AIM OF THE EXERCISE: From the records below, set down exactly the lines starting with the line that contains "Шинопровод Arlight MAG-ORIENT-TRACK-2653-FDW-2000" and going on through the line that contains "Floor decoration flower". Nothing else is wanted.

THE DATA:
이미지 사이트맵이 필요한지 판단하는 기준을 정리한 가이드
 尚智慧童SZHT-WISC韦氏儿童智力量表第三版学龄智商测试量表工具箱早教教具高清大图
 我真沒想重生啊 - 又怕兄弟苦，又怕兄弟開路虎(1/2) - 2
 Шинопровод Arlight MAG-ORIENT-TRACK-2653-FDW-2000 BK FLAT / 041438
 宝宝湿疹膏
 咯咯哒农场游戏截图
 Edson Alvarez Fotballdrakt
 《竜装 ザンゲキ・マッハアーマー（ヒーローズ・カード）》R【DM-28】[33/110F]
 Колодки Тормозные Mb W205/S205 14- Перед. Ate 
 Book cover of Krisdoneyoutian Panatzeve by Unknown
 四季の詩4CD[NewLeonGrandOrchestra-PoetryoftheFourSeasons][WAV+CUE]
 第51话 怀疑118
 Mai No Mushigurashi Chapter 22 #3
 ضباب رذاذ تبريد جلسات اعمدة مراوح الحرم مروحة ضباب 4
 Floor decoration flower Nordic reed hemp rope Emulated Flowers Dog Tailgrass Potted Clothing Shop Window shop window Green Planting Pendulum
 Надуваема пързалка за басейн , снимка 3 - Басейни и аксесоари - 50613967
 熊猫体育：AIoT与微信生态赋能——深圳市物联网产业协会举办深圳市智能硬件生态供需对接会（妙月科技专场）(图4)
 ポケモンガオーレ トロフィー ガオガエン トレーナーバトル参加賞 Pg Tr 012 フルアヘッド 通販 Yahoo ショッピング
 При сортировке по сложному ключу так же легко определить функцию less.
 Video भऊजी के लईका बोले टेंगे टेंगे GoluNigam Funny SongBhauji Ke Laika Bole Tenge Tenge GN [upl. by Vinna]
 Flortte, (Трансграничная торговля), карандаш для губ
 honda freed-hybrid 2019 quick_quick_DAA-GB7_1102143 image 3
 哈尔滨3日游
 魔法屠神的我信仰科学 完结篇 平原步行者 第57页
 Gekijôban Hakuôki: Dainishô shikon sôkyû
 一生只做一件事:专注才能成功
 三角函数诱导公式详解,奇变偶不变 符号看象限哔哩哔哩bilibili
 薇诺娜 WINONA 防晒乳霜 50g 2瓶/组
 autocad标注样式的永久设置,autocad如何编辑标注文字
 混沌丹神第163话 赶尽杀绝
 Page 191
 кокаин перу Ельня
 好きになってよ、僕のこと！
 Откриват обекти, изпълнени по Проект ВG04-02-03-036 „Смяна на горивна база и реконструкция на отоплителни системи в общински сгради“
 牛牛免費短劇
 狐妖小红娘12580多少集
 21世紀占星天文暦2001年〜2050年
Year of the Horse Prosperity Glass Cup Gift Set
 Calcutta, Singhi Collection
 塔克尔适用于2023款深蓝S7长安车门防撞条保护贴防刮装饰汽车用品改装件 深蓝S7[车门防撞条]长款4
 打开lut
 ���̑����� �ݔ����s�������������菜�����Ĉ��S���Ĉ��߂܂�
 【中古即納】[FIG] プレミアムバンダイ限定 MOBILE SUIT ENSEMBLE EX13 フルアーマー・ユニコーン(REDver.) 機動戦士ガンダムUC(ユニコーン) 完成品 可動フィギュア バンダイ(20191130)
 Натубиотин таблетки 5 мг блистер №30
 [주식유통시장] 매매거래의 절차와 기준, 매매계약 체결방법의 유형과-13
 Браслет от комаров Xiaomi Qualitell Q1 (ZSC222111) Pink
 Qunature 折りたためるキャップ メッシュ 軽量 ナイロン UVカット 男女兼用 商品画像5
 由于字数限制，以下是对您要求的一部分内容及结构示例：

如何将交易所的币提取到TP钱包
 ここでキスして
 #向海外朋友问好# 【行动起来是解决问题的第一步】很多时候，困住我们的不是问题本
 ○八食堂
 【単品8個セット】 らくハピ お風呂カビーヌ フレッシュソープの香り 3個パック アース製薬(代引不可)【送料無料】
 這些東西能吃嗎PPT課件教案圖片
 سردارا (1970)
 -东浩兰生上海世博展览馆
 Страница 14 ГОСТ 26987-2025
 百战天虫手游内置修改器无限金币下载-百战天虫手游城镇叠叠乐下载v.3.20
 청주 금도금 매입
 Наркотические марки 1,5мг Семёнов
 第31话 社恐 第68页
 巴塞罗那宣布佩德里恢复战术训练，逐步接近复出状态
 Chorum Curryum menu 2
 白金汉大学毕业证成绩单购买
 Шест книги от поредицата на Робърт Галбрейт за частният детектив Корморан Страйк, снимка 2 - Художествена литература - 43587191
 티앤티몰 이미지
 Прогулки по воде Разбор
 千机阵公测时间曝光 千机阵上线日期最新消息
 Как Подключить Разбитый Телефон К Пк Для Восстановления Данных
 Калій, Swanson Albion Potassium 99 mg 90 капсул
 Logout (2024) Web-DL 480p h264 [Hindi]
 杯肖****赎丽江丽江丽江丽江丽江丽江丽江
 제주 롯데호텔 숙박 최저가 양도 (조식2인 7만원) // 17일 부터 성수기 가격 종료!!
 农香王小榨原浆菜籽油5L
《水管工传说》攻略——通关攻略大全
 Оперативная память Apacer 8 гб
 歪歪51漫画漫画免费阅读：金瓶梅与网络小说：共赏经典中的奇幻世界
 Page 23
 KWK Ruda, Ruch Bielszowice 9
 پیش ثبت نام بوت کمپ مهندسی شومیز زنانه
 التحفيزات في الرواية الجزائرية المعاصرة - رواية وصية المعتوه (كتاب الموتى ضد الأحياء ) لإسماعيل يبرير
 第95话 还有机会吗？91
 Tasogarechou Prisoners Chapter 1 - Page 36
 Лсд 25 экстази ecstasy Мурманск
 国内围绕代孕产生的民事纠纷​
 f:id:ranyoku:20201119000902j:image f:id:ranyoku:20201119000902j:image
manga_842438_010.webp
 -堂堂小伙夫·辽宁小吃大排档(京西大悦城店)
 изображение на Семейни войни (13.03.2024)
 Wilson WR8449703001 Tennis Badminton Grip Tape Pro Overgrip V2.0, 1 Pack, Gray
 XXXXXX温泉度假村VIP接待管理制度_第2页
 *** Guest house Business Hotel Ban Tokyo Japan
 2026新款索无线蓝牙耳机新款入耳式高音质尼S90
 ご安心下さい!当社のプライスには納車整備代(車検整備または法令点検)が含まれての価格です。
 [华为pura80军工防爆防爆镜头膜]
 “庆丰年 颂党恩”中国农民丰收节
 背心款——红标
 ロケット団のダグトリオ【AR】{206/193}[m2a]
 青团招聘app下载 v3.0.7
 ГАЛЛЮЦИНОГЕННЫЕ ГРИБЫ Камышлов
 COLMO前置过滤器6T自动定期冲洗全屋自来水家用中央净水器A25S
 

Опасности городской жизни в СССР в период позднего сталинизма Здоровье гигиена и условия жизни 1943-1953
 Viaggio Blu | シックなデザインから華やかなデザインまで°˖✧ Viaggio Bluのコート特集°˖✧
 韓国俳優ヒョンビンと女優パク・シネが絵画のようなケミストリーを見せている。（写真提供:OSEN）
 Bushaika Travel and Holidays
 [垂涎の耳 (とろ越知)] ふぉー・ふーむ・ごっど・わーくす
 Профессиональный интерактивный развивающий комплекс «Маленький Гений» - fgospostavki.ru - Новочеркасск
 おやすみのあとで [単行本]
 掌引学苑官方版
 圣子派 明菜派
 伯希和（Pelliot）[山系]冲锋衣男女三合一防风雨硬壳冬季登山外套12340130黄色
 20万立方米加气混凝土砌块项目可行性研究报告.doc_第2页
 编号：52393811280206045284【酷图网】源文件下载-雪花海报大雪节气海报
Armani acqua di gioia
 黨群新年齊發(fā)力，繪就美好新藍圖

PROBLEM SOLUTION:
 Шинопровод Arlight MAG-ORIENT-TRACK-2653-FDW-2000 BK FLAT / 041438
 宝宝湿疹膏
 咯咯哒农场游戏截图
 Edson Alvarez Fotballdrakt
 《竜装 ザンゲキ・マッハアーマー（ヒーローズ・カード）》R【DM-28】[33/110F]
 Колодки Тормозные Mb W205/S205 14- Перед. Ate 
 Book cover of Krisdoneyoutian Panatzeve by Unknown
 四季の詩4CD[NewLeonGrandOrchestra-PoetryoftheFourSeasons][WAV+CUE]
 第51话 怀疑118
 Mai No Mushigurashi Chapter 22 #3
 ضباب رذاذ تبريد جلسات اعمدة مراوح الحرم مروحة ضباب 4
 Floor decoration flower Nordic reed hemp rope Emulated Flowers Dog Tailgrass Potted Clothing Shop Window shop window Green Planting Pendulum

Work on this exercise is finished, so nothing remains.